Climbing out of their folding chairs, McDonald threw on a beekeeping jacket, hood and gloves. He reacts to bee stings and opts to avoid the welts.
Thanepohn, meanwhile, was in a T-shirt and jeans. He draped a mesh shroud over his head and called it good. The girls in the hive — and they are almost exclusively female by the end of summer — are most docile in the afternoon. He also prepped a fogger, a hand-held can-and-bellows that slow-burns wood shavings for smoke that’s used to mellow the bees.
Tools in hand, the pair pried open the hive boxes, lifting racks of comb and bees out for inspection.
Ungloved and unprotected, Thanepohn lifted one rack after another, each thick with bees, out of the hives.
The whole process took only a few minutes — extended to allow for the pictures you’re seeing in this magazine — and not a stinger was felt among the group. Bees swarmed and buzzed, angling to get back into the hives as rain spattered around the hillside.

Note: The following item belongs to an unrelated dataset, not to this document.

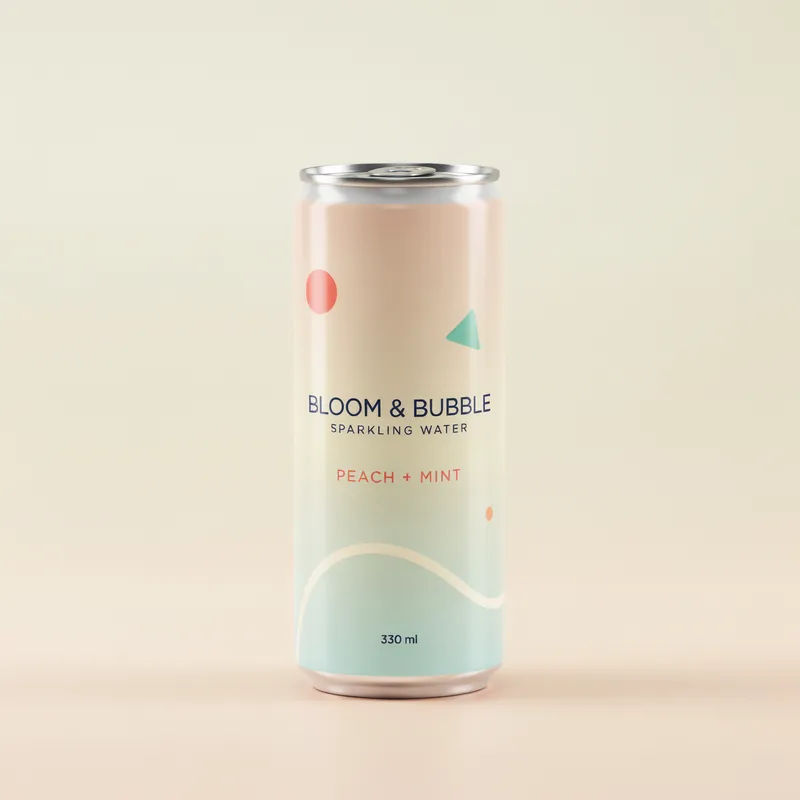 Pastel gradient beverage can for sparkling water with geometric shapes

Even with most of the honey either harvested or stored away for winter inside their combs, the smell from the hives was the rich, warm scent of wax and honey.
The hives were sealed, coats were removed. The electric fence was closed and powered on. It’s used to prevent bears from getting into the hives.
If you’re hoping to get a taste of the honey from those Dahlonega hives, you’re sort of out of luck.
The site is promised to Etowah Meadery, which also uses the hillside to grow pawpaws — a story of their own for another day — and figs.
The honey produced there is going to become Georgia’s first homegrown batch of mead. The beekeepers said the meadery is using the honey to brew session mead — a lightly carbonated beverage with a lower alcohol content more like beer than wine.
As of early October, the Bobbee MacBees batch was due in a few weeks.
If it’s anything like the rest of the honey churned out by the backyard beekeepers, better try to get your hands on it sooner rather than later.